What is needed: Given the records below, the lines starting at the line with "Rexel Blk/Silv Alpha Cross-Cut Shredder" and ending at the line with "Diesel Powershift Euro" should be output exactly, both end lines kept and pictures left out.

Material to process:
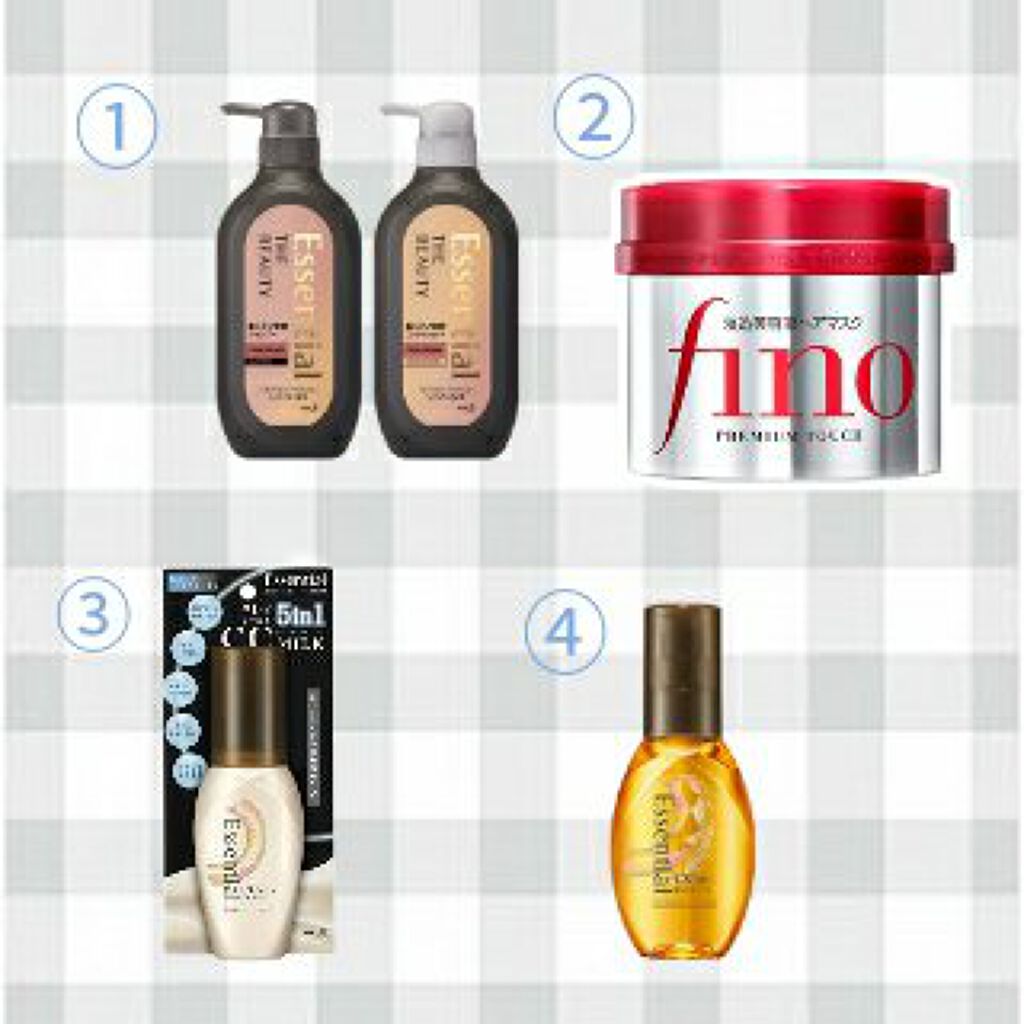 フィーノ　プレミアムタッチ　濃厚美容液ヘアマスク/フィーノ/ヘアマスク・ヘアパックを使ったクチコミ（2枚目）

---

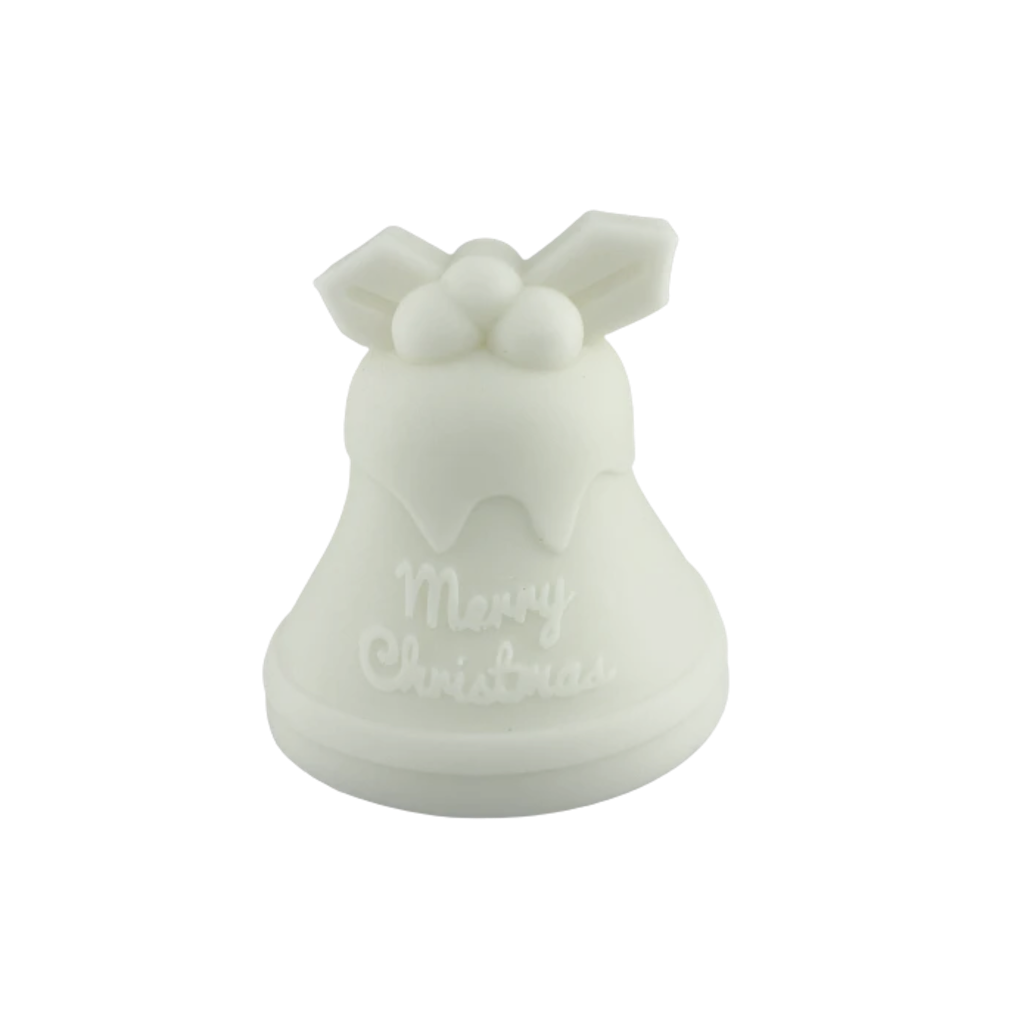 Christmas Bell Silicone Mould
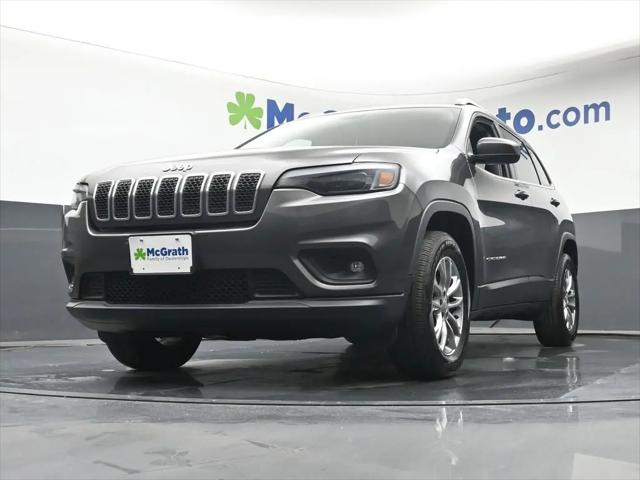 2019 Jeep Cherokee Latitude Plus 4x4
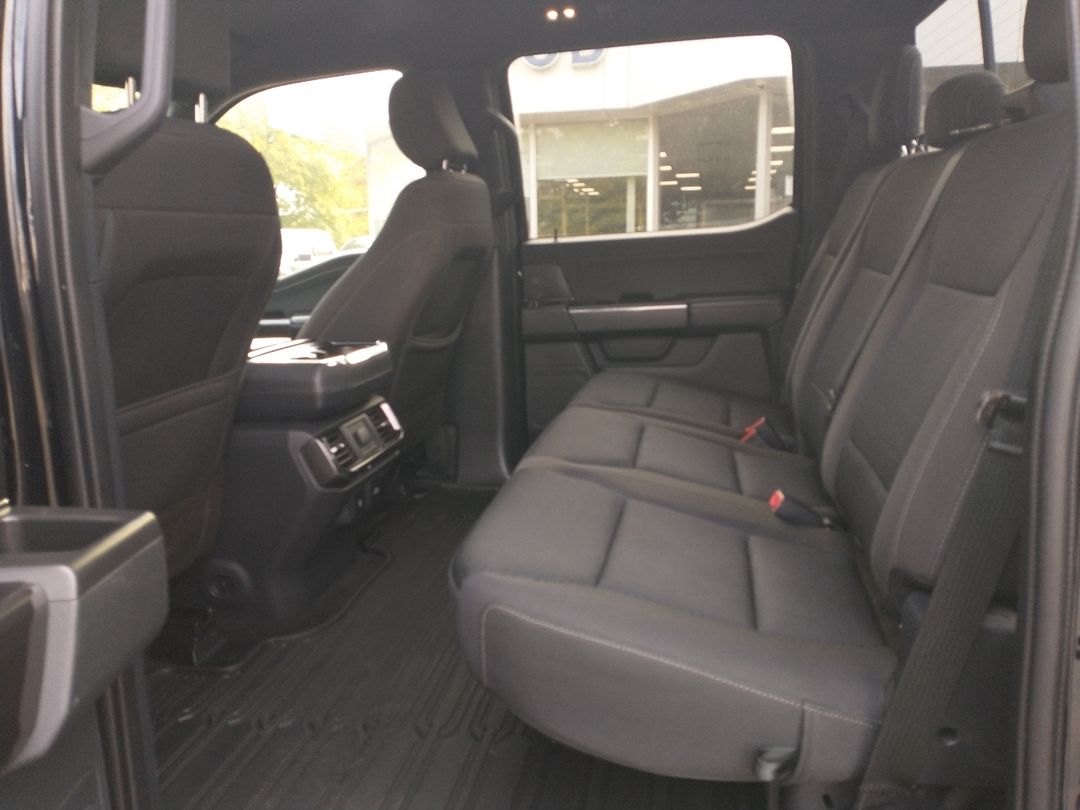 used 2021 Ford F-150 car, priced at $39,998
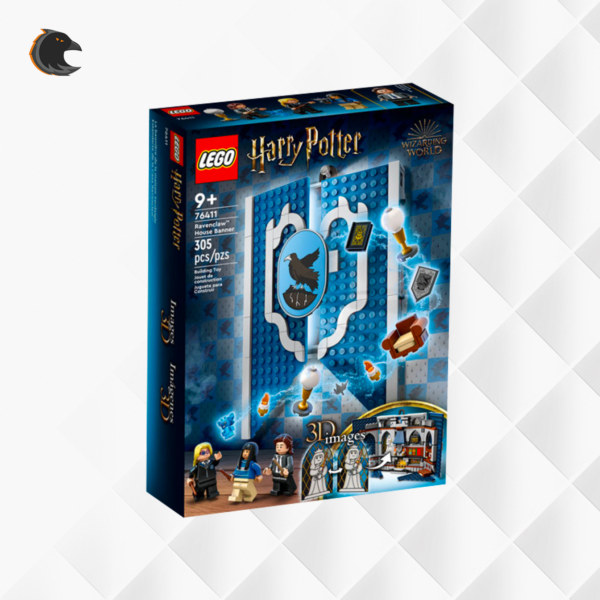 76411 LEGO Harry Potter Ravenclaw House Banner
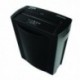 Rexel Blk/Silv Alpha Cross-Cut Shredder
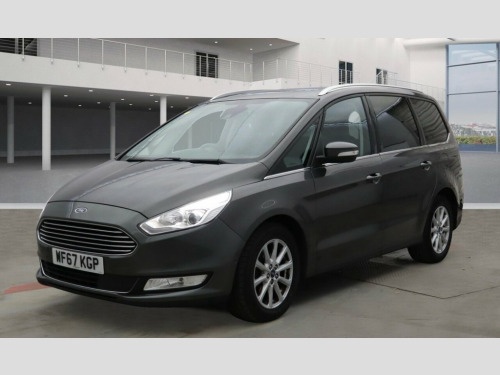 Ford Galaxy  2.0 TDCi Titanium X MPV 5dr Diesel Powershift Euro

---

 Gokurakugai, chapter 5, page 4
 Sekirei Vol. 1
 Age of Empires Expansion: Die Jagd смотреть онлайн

Solution to this task:
 Rexel Blk/Silv Alpha Cross-Cut Shredder
 Ford Galaxy  2.0 TDCi Titanium X MPV 5dr Diesel Powershift Euro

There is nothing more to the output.